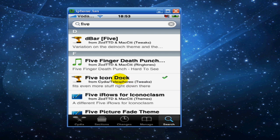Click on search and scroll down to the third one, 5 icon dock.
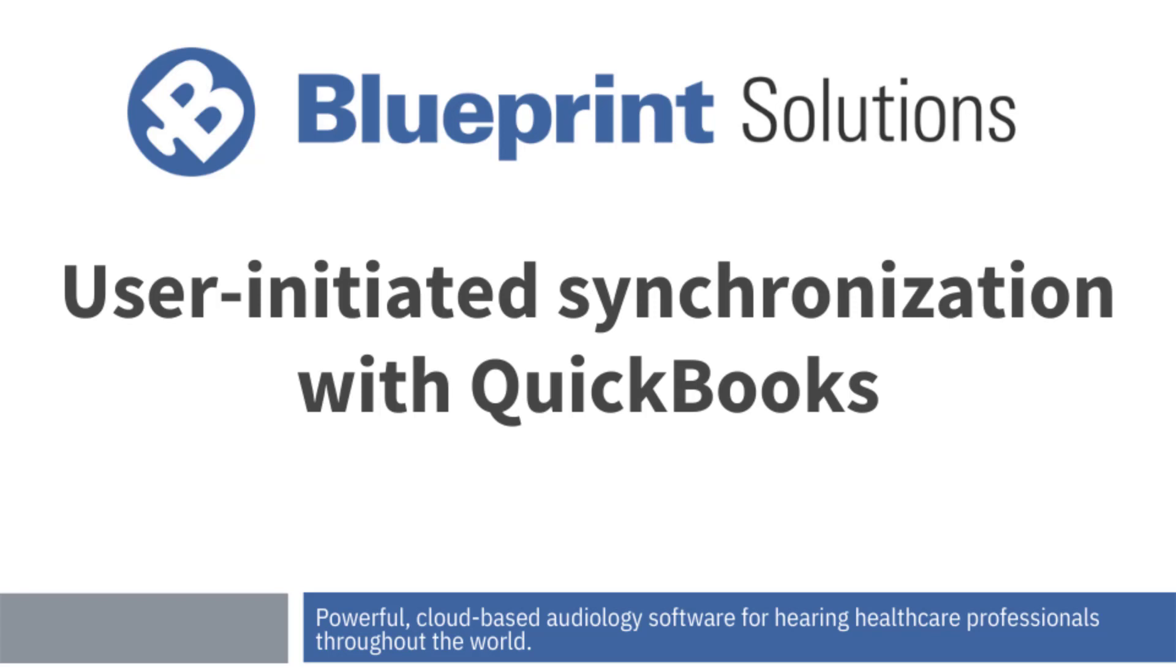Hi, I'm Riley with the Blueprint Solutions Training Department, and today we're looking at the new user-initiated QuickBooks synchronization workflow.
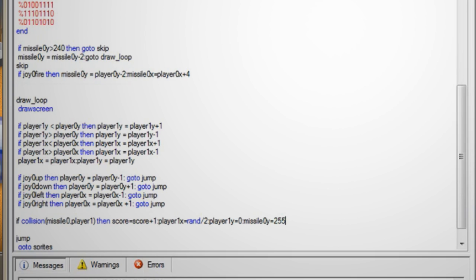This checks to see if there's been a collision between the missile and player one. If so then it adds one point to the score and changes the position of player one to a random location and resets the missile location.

* * *

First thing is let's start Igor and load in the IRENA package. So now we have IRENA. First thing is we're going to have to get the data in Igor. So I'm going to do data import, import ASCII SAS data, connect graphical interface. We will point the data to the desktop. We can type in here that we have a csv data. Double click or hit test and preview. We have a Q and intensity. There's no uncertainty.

### Assigned task
What are the lines above from the one with "Hi, I'm Riley" to the one with "This checks to", both included? Reproduce them exactly, without pictures.

### Answer space
Hi, I'm Riley with the Blueprint Solutions Training Department, and today we're looking at the new user-initiated QuickBooks synchronization workflow.
This checks to see if there's been a collision between the missile and player one. If so then it adds one point to the score and changes the position of player one to a random location and resets the missile location.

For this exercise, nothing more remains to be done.